OW: Yeah, it really helps if you have that one image that really sticks in everyone’s mind, so they can completely understand how dreadful that time was from that fictitious picture. But it doesn’t do much for the post-harm, gentrification of gin, if people who don’t know much about gin only think of that image.
GFR: I want to talk about that gentrification, but first maybe we should be clear that the gin people drank a few hundred years ago is not what we would recognize as gin today, right?
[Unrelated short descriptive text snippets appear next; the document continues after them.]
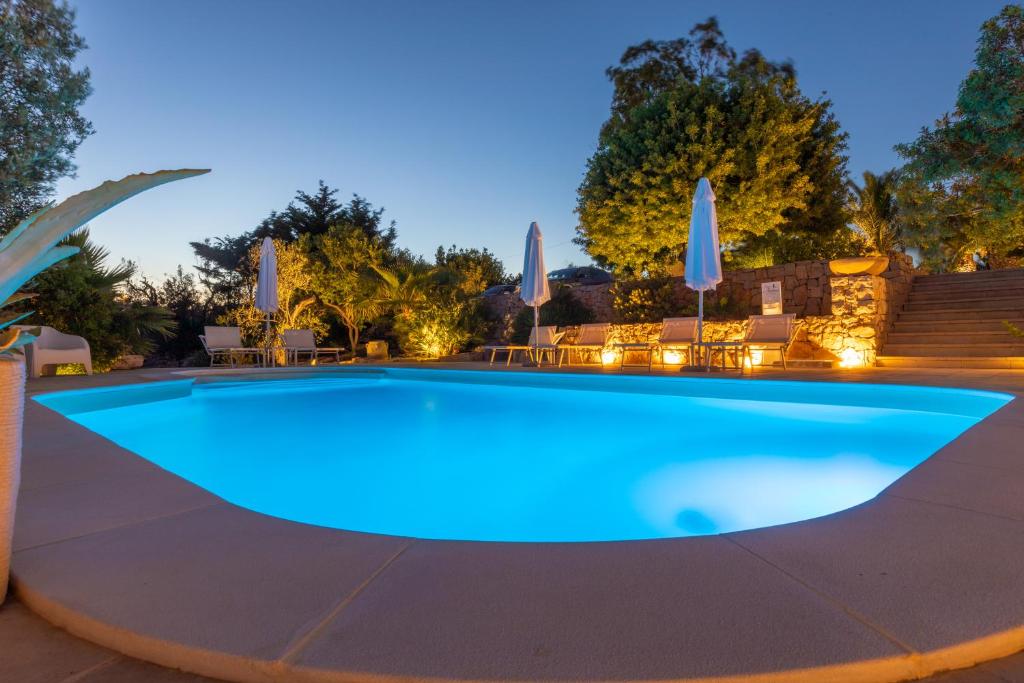 uma grande piscina com água azul à noite em Tenuta Aletheia B&B em Alliste
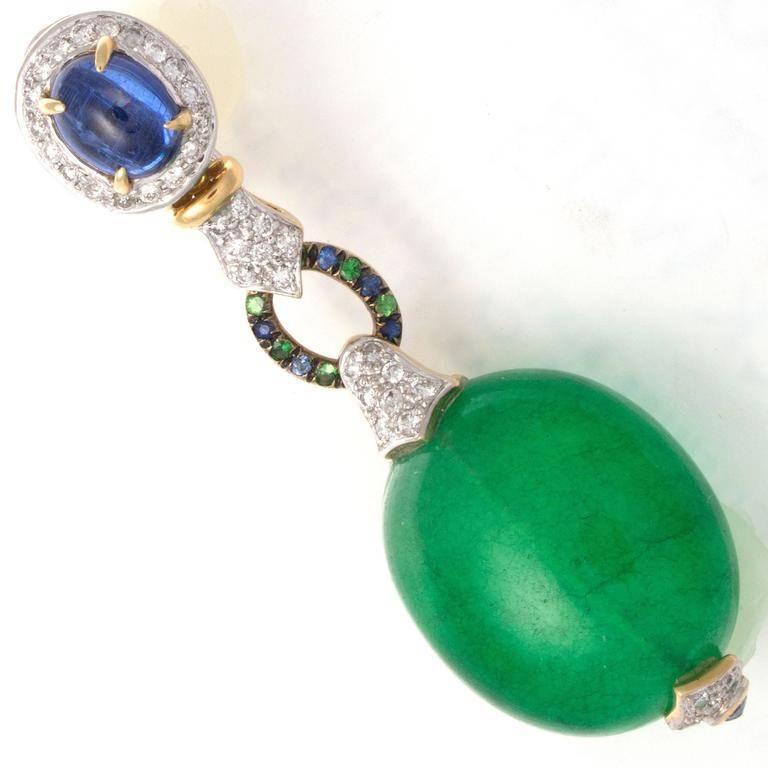 Bold stylish design, featuring translucent and vibrant green quartz that is perfectly complemented by glowing blue sapphires and clean, white diamonds. Hand crafted in platinum and 18k yellow gold.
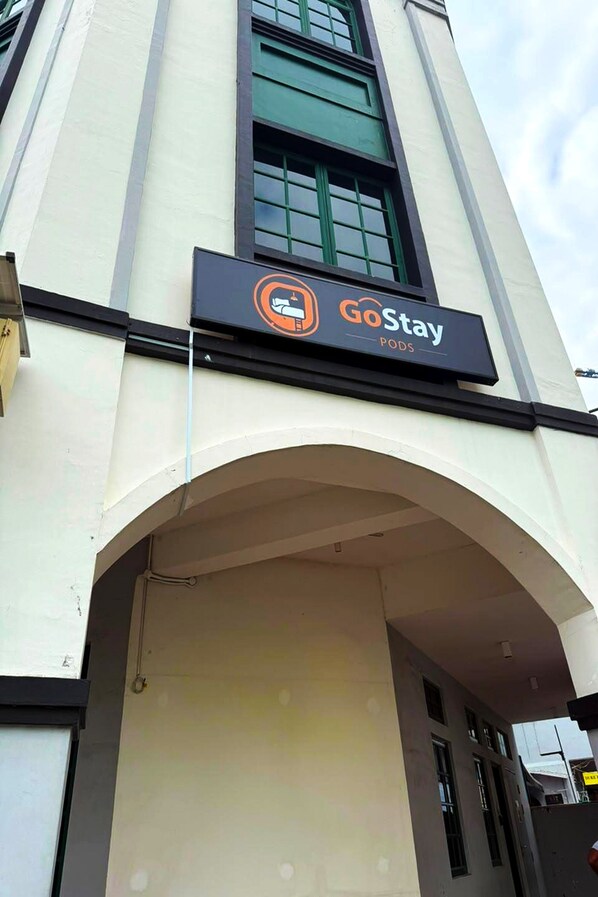 Un edificio con un cartel que dice 'GoStay PODS', indicando un hotel tipo cápsulas.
OW: That’s the thing. As well as being culturally very different – the status of gin drinking – the product was very different too. It was made by amateurs. It could be made by anyone who could build a home distilling set-up. The quality of it was extremely poor and very variable. It would often make people very ill, because they didn’t understand how to properly distill and operated by trial and error, and they didn’t want to spend too much on ingredients. People were really taking their chances by drinking it, which has a resonance with 1920s Prohibition in America with people improvising with ingredients and in the way they made it. So, gin was necessarily quite sweet in the 18th century because they were trying to mask what it was actually made of. They also added lots of liquorice. People also would drink gin neat, and it wasn’t until gin became mixed as a long drink that it began to improve its reputation. So, cocktails, and gin and tonics, really helped in the 19th century to pull gin out of the gutter and make you think of it as a pleasant, viable drink, rather than just something to get you drunk.
GFR: One of the chapters in Gin Glorious Gin that I thought was really interesting, is the one about rock star bartenders who came over to London in the 1920s from the States because of Prohibition.
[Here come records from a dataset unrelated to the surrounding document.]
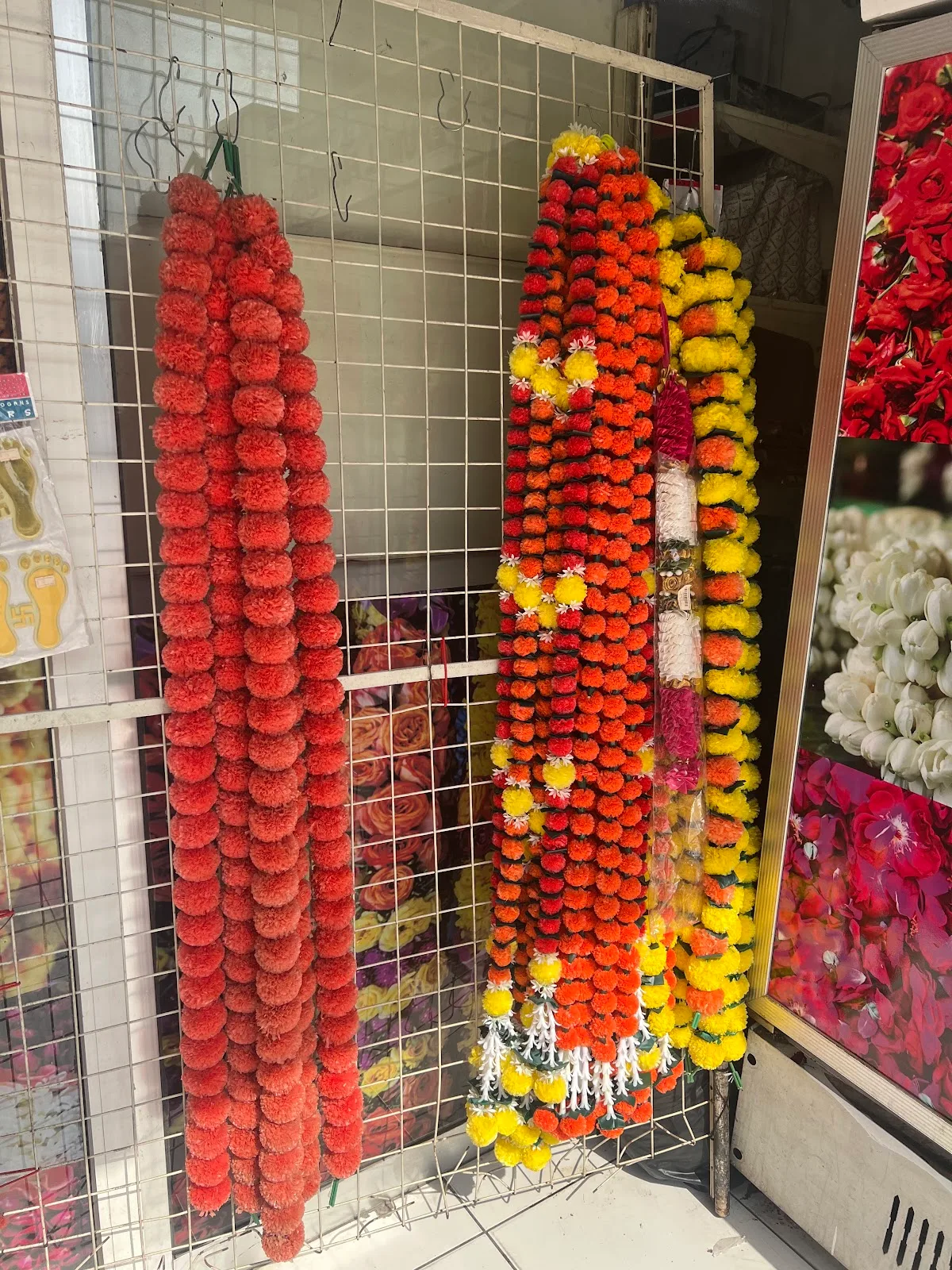 Hand-strung flower garlands in marigold, rose and jasmine hanging on a display rack at Perumal Flowers.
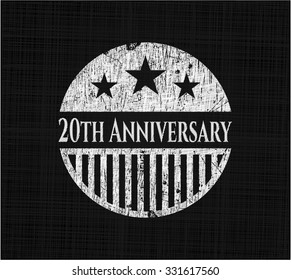 20th Anniversary chalk emblem written on a blackboard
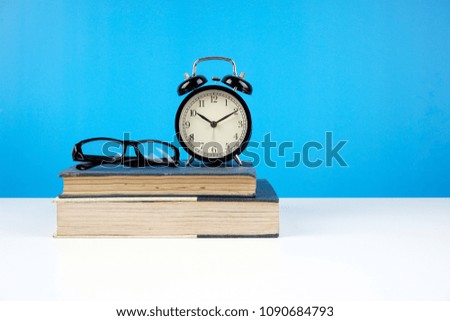 Education concept. An old book, eyeglasses and alarm clock over blue background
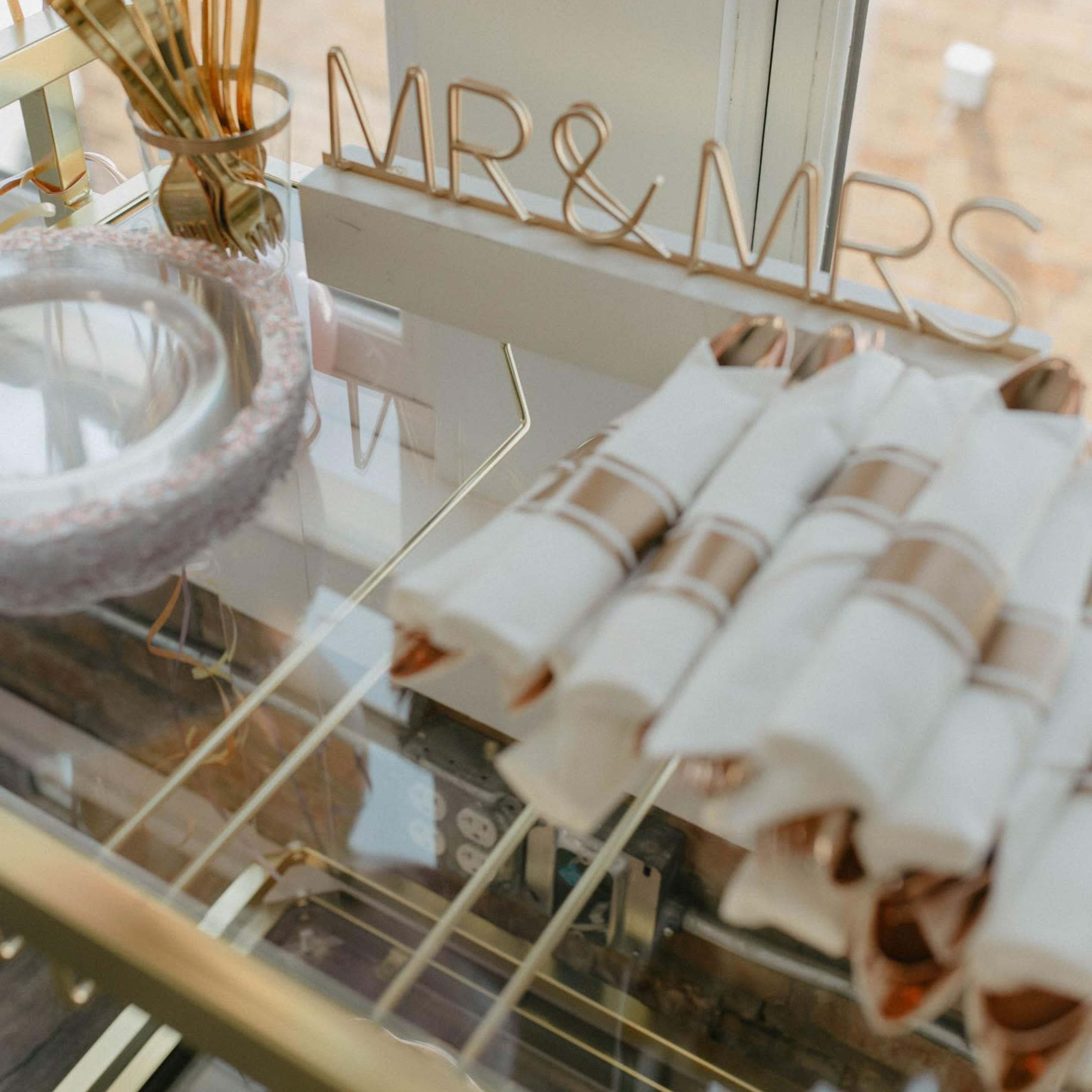 A glass display case features a "MR & MRS" sign alongside neatly rolled white napkins and gold utensils.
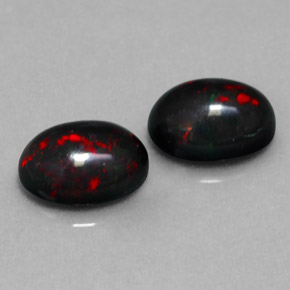 Gemas de ópalo negro multicolor natural de  ct, corte óvalo, opaco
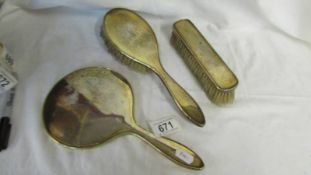 A silver backed hand mirror, two silver backed brushes, monogrammed M.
OW: Yes, they were the celebrity chefs of their day. People knew who they were; they would be written up in magazines. They injected their personalities into their drinks. They would play host to the guests who came to stay in their bar’s hotel. And I think the elevation of their status reflected how gin became this very socially acceptable drink. There was a raft of cocktail books, based on the personalities of these bartenders that came out, in the way that a celebrity chef at famous restaurant can bring out a cookbook. It became fashionable to have a signature cocktail, that you always asked for.
GFR: Speaking of which, how much of your book was researched on a bar stool?
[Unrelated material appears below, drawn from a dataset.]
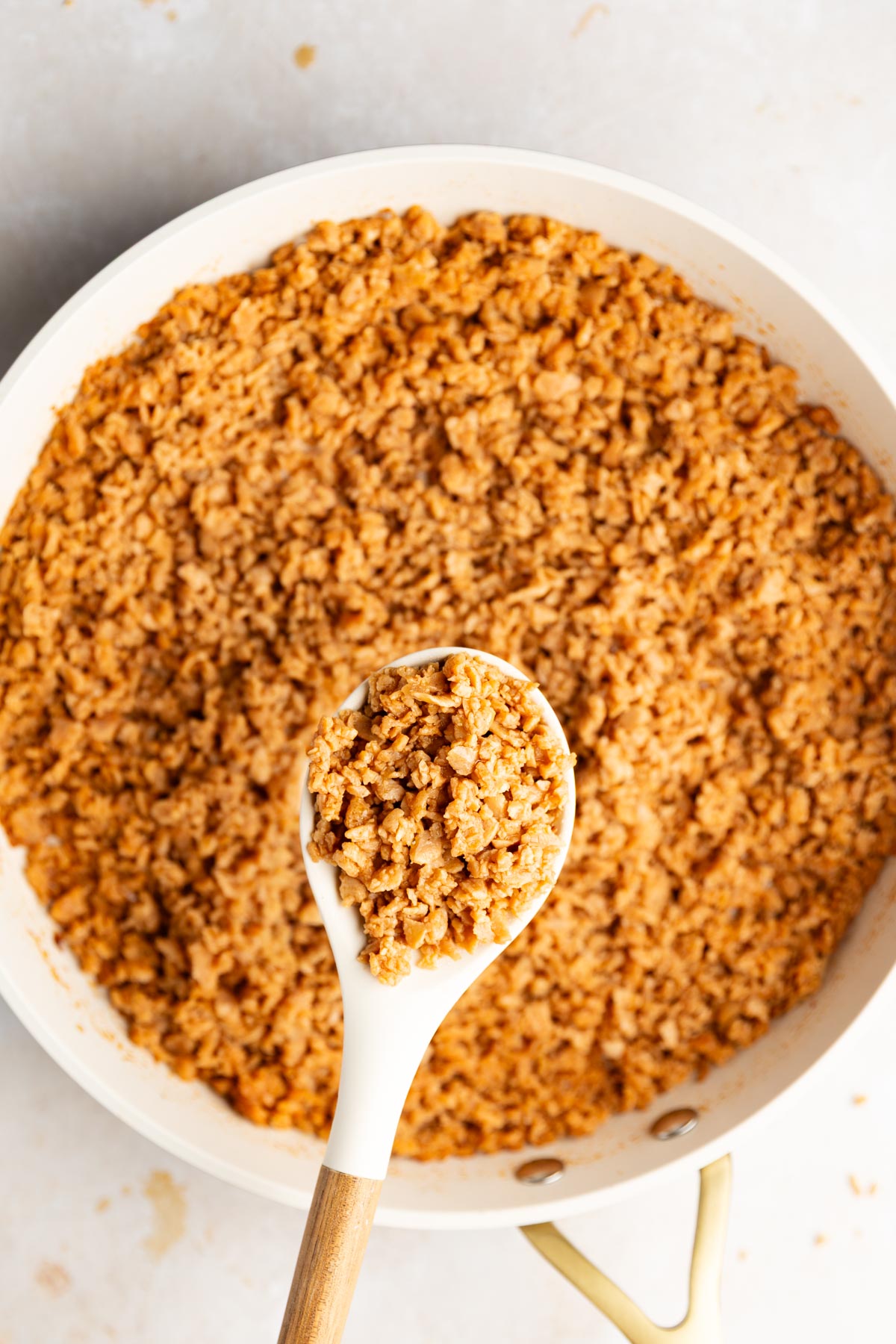 Cooked, seasoned TVP in a white skillet with a white spoon lifting a scoop.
OW: [Laughs.] Well, after I did my history degree, I was reviewing bars for a newspaper. So, I did spend a lot of my time in London bars. I was intrigued that gin, which was a drink my parents liked and was so unfashionable for decades that it looked like it was going to die out with the generation that drunk it, was coming back. Again, bartenders were using gin instead of vodka as a base for all these amazing cocktails. And that ’s when I realized that this would be a good time to write about gin.
GFR: Have you become an advocate for the drink? Do people now turn to you to defend gin’s name?
OW: I think that there’s been this explosion of people experimenting with the botanicals that go into gin, so if people think that they don’t like gin, I think they’re just thinking about the traditional ones. They’re very juniper heavy, which not everyone likes. But there are so many other styles: herbal, floral, all sorts of really aromatic gins. There are so many kinds of gin that I think it would be hard for you not to eventually find one you liked.
GFR: And what’s your preference? Are you a Martini drinker? Do you prefer gin and tonics?
OW: I spend a lot of time trying to make Martinis at home. I’m creating a lot of mess! I generally prefer to have one at a professional bar, but I also like to have them at home. I also like the French 75, which is gin and Champagne with lemon. Some people think that gin and Champagne sounds like a weird combination, but it works pretty well. Negronis are very fashionable again, and that’s a great summer drink. There’s another way to make people like gin without them really realizing!